At the beginning of November each year, Christians throughout the world engage in a ritual of remembering the dead. We do not want them to be forgotten.
On November 1 & 2, All Saints and All Souls Days, we call to mind all those who have gone before us, the well-known saints and the lesser-known saints.
Today, All Souls Day, we pray that God embrace with his mercy our own beloved family and friends who have died. But there are further reasons for our prayers for our beloved dead today and throughout November.
Do we pray for the dead to remind God to be merciful to them? God does not need our reminders. God loves them more than we do. And is already as merciful as love allows.
We bring the concerns of our hearts to God because Jesus has asked us to do so. He has instructed us to pray always.
Prayer is not meant to change God’s heart, but our hearts.
We pray for our beloved dead because prayer helps us who are left behind. We pray that we might be consoled.
How do people cope with the pain and loss of a loved one? Throughout history, people have rituals when death breaks our living communion with others.
Catholics have the celebration of the Eucharist and rituals of departure at funerals. Wakes are meant to awaken in us something to heal the loss.
There is the gathering of family and friends to hug one another and perhaps to cry together. To share stories and perhaps to laugh. And to remember. Remembering is important.
We pray and remember the dead because we believe in the communion/community of the saints. This is the Christian belief that death does not separate us from one another.
We remain in communion with them through our prayers and memories of them. Just as we may have held someone’s hand when they were dying, now we can hold a person’s hand beyond death through prayer and remembering.
After a time, we sense that we no longer need to pray for our beloved dead. Now we just talk with them. They are still with us.
In ancient Rome the dead were buried with a coin in their mouths. This was to pay the ferryman the cost of crossing the river of death to the next life. The river was called the River Styx. The name of the ferryman was Charon.
In Christian belief, the payment to the cross the river into the next life has been paid by Jesus.
On this day of remembering and praying for those who have crossed the river before us, we also acknowledge our own life journey.
The Christian version of this journey can be summarized in this way.
In life we are accompanied by the Spirit Companion (the Holy Spirit). At the river’s edge we are met by our Brother Jesus, who pays our passage and escorts us to the Father’s House.
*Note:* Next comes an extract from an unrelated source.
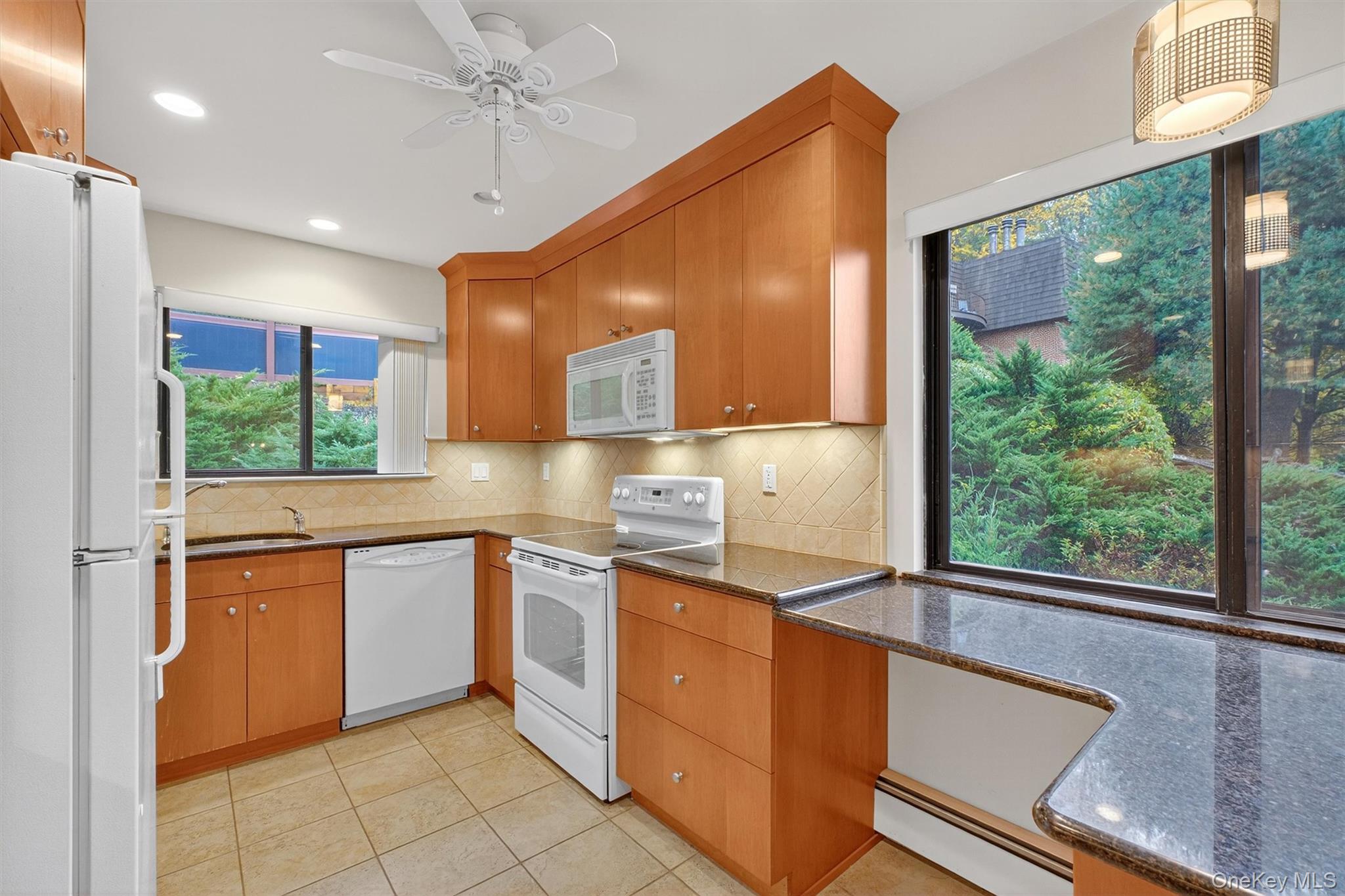 #13 photo, 2 Briarcliff Drive, Ossining , NY 10562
At the door, the Father greets us with an embrace. And as the Father of all us prodigal sons and daughters, he clothes us with the robe of welcome and places on our finger the ring of the beloved. And then there is music and dancing at the Feast, our Wedding Feast.
The image of a wedding is appropriate because in eternity we shall enter the intimate circle of the Blessed Three (Companion Spirit, Loving Brother and Welcoming Father). For such glory and eternal love we have been created.
We are born from the heart of God and we are meant to return to the heart of God.